O.D. had a near-photographic memory and could quote verbatim whole passages from books and documents, which he would then put in context with the knowledge and insight culled from half a century of research, reading, and reflection. He inspired me once to embark on reading the entire 55-volume compilation of documents known to historians as “Blair & Robertson.” I never got beyond Volume 7 and was crushed by his example because he read all the volumes not once but twice!
Article continues after this advertisementI treasure the afternoons that I visited him in his humble home on Matiwasay Street in Teachers Village. He would wait for Dr. Corpuz (the wife) to leave the house and then pull out a bottle of white wine that we would share as he read the finished chapters of his hefty, two-volume work of history, “Roots of the Filipino Nation,” to me. I often complain aloud that I should’ve been born 50 years earlier to meet the authors of the books I read in the library, but I am fortunate to have known O.D. and Teodoro A. Agoncillo, both National Scientists, and been inspired by them.
O.D. wrote out his thoughts on teaching in 1979 that give us an idea of his method:
“You give [the students] readings (excerpts), a lot of lectures; they must take a lot of notes, they must retain information and have their own data bank in their minds. The basic need is to get them to develop their memory skills. It is the same for all courses. But then you want to educate them to think about the data.

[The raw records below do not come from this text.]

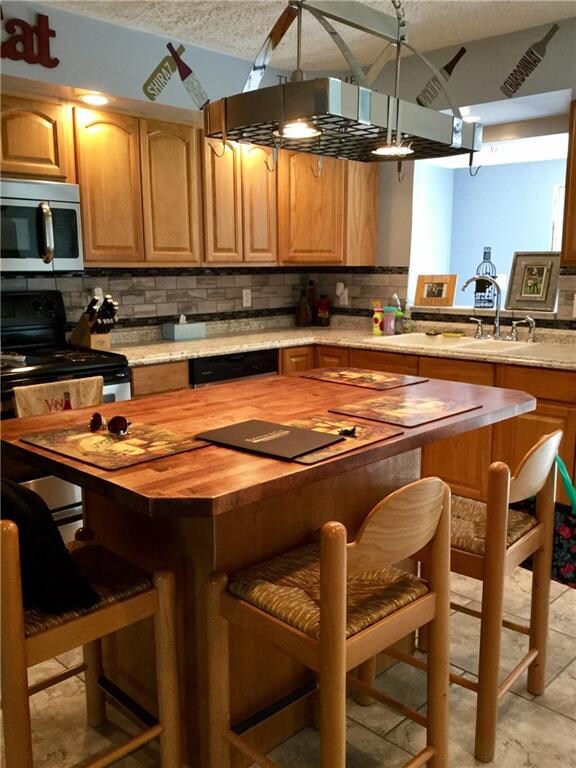 3628 S 550 E, Franklin, IN 46131 - photo 6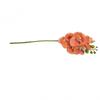 Wedding Decoration Artificial Flowers Artificial Orchid Stem Phalaenopsis Orchid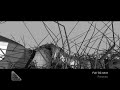 visual effects / part 7 / компьютерная графика, спецэффекты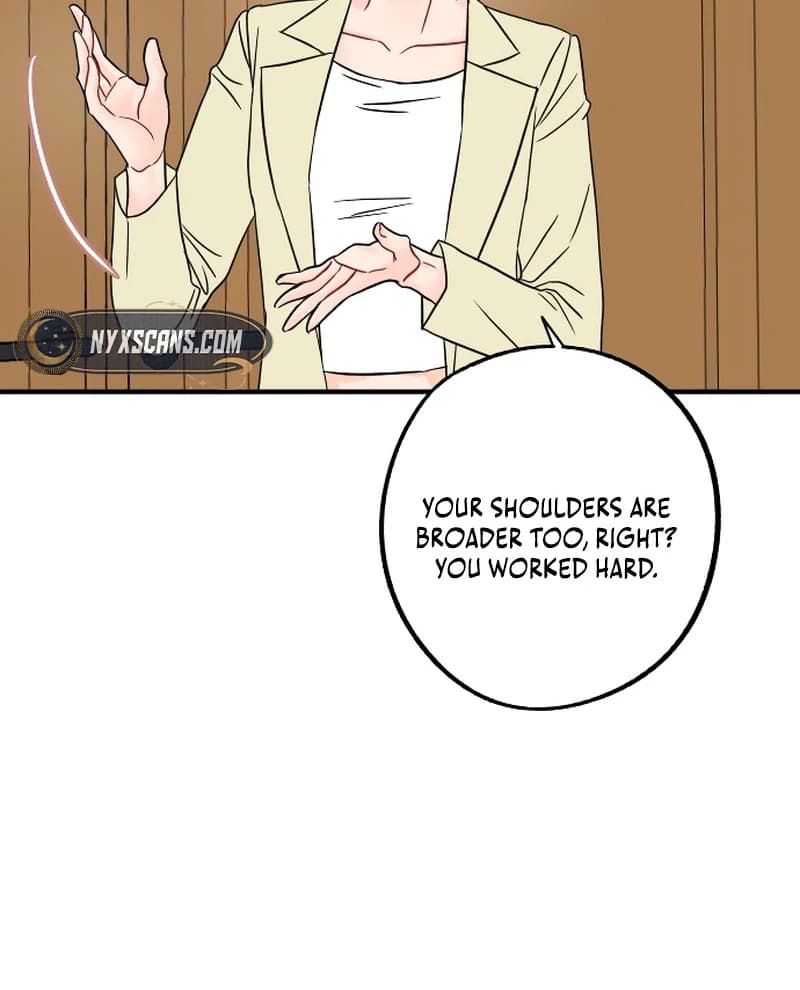 Page https://readmanhwaverse.com/images/one-and-only/chapter-2/ch_2_50.webp
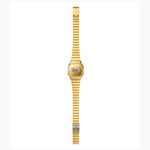 Montre Casio Collection La670W - Montres avec chiffres Femme | Marc Orian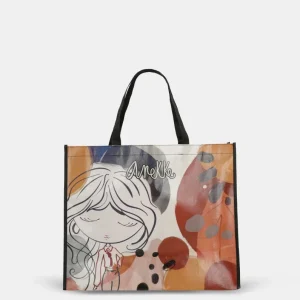 Bolsa Shopper - Regalo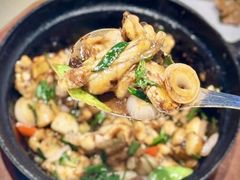 -惠食佳·朱雀(东方商厦店)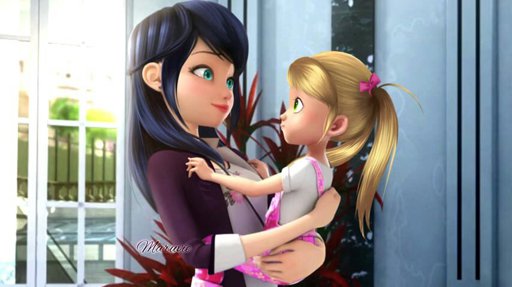 Fotos Wiki Miraculous Ladybug Espa Ol Amino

Article continues after this advertisementYou organize and reorganize the information material and present it to the students, so that the significant historical forces or trends lie contained in the information, not popping up by themselves, but waiting to be sensed and discovered. You handle the discussions to help the students to think things out, until they discover those trends and forces. The students make the discovery through the thinking effort.

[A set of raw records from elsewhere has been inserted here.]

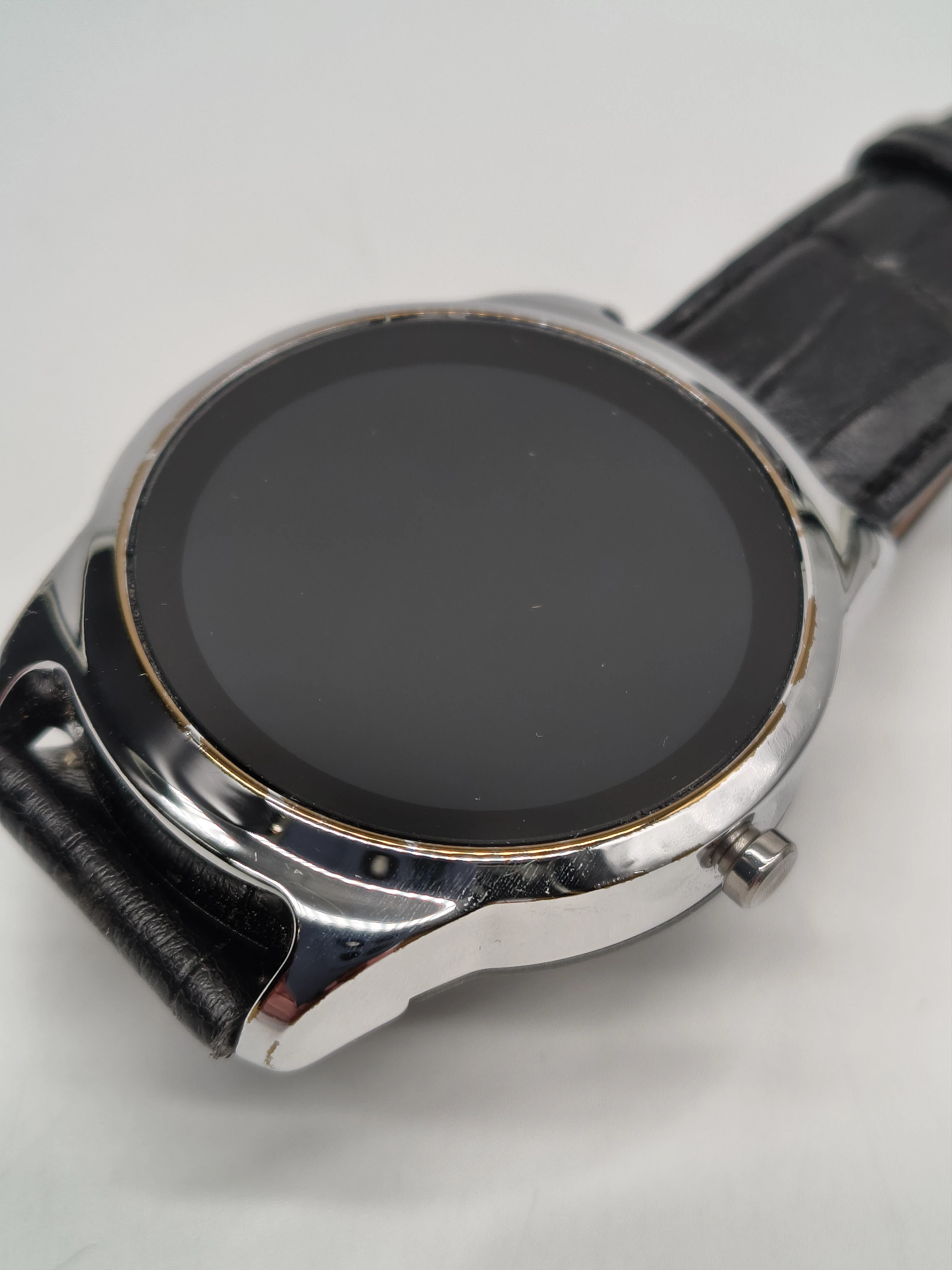 zegarek-kruger-matz-style-2-pudelko-stan-11323-2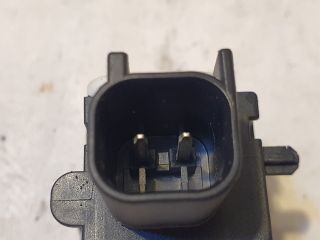 bontott FORD FOCUS II Bal első Oldal Ütközés Érzékelő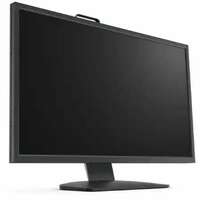 BENQ Zowie XL2540K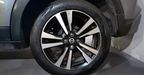 Nissan Kicks 1.6 ADVANCE LTS XTRONIC Suv 2021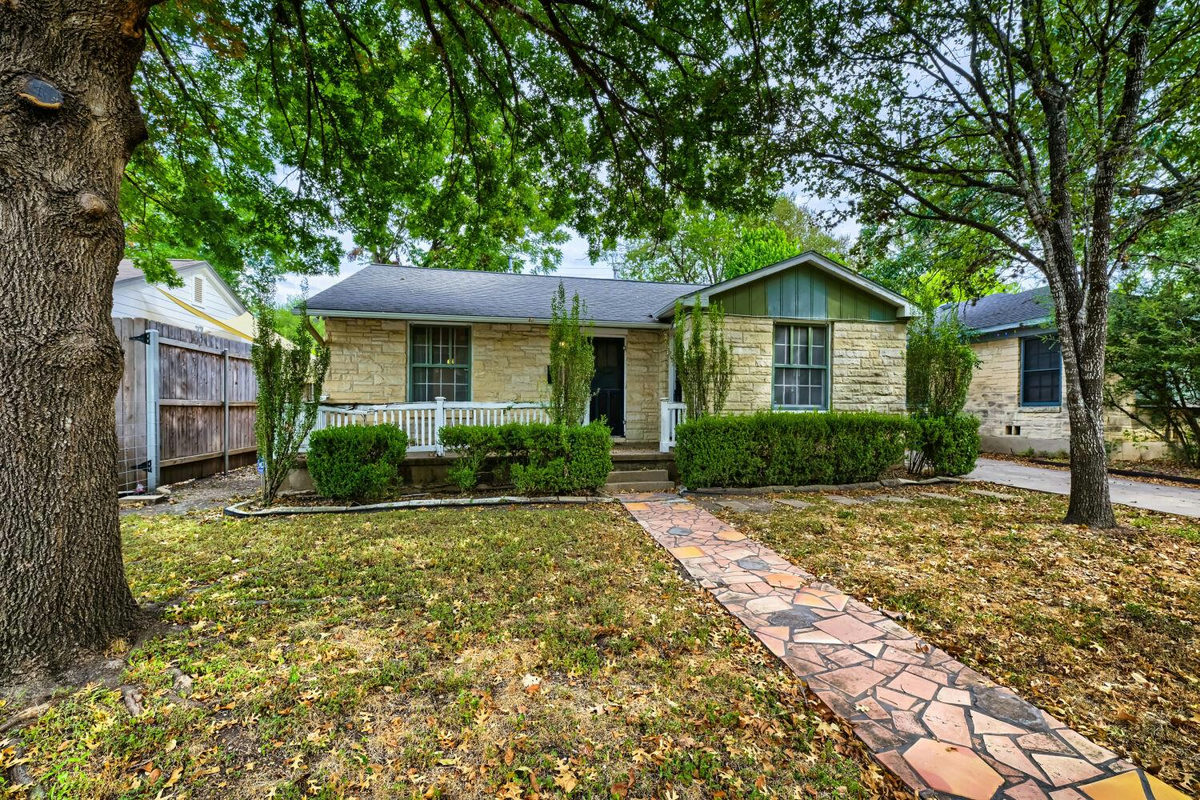 2207 Euclid Ave — photo 2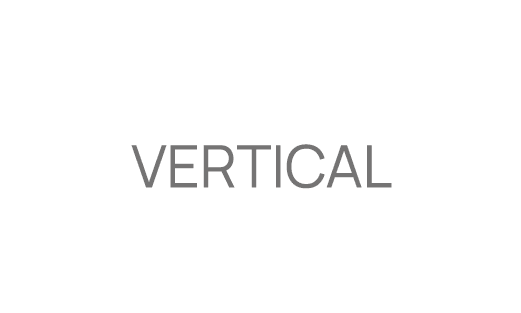 Vertical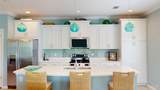 6534 Carlinga Dr - Photo 11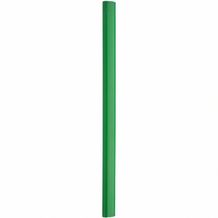 Bleistift Carpenter (grün) (Art.-Nr. CA187578)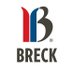 Breckenridge Resort (@breckenridgemtn) Twitter profile photo
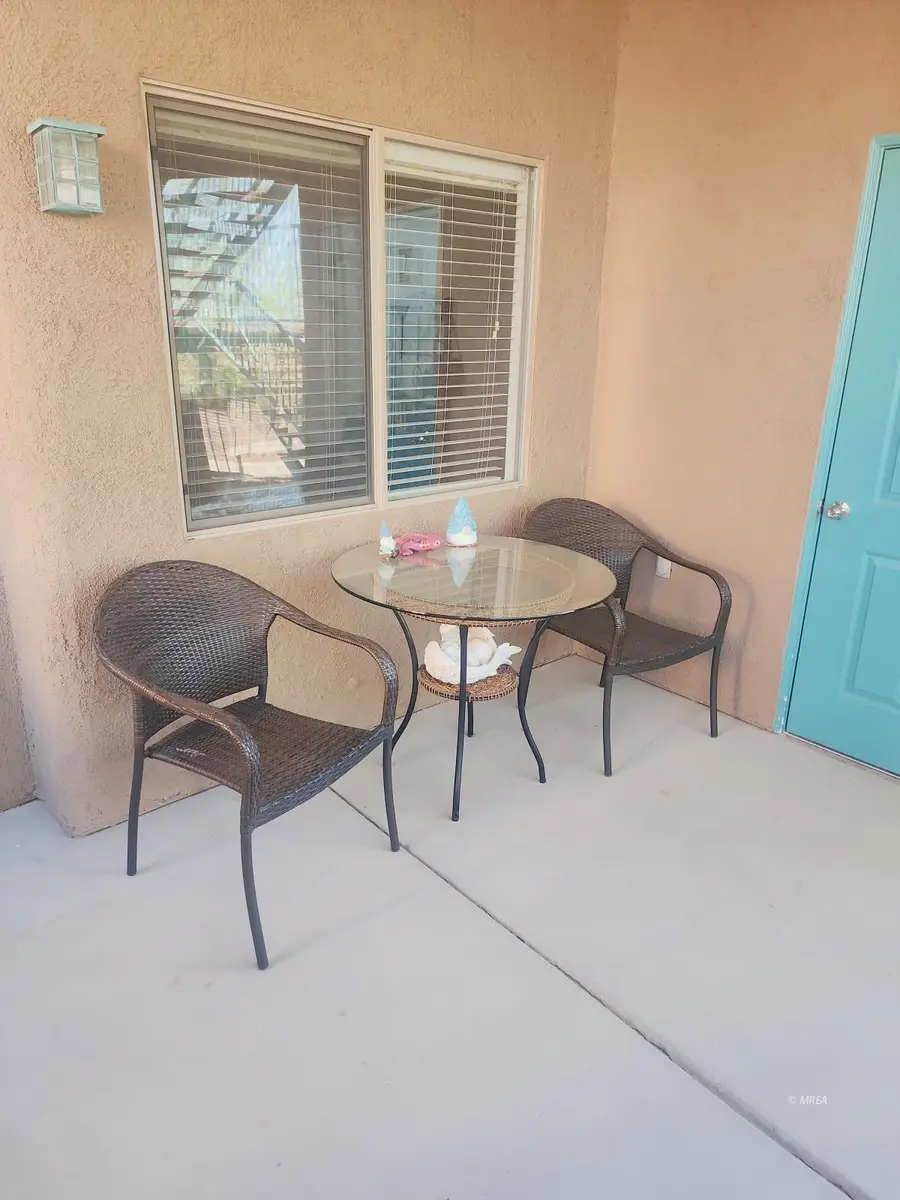 465 Turtleback Rd #B, Mesquite, NV 89027 - Image #3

“As the students think, they will place importance on some information, more significance on others, and less or none on the rest. I used to tell them that when you think, you must edit the information or data. An editor keeps some items, dismisses the others, and organizes those that remain into relationships. In the class discussions I would knock down the silly answers … short of killing the fires of their interest. But the answers were often not the point. What mattered to me was that everybody, including those with the wrong answers, knew that they had to edit. And I told them that learning required two basic skills: the ability to remember, and the ability to forget. You can’t learn anything without memory, and you would die emotionally or intellectually if you could not forget. Forgetting and remembering are both essential to life, and to learning. Which things to remember, what significance to give to them, and which things to forget or attach no significance to, I guess pretty much sums up my theory of learning then.”
I wish I had met O.D. when he was younger, when he sported long hair and, as education secretary, made surprise visits to schools arriving alone on a motorcycle instead of in a limousine with many hangers-on. O.D. may have been “overdose” to a few who were overwhelmed by his publications and crushed by his erudition. For me, O.D. was an overdose of inspiration. I don’t think he would be happy with my playful take on history that appears in this space twice a week, but his example remains a challenge for me to write one real book instead of many volumes of compilations. We can only hope that other young scholars read his works and be inspired to carve their own niche in their disciplines. They may not have met O.D. in the flesh, but his books are the best gauge of what he was like as an extraordinary gentleman and scholar.
Philippine historiography is diminished by his passing.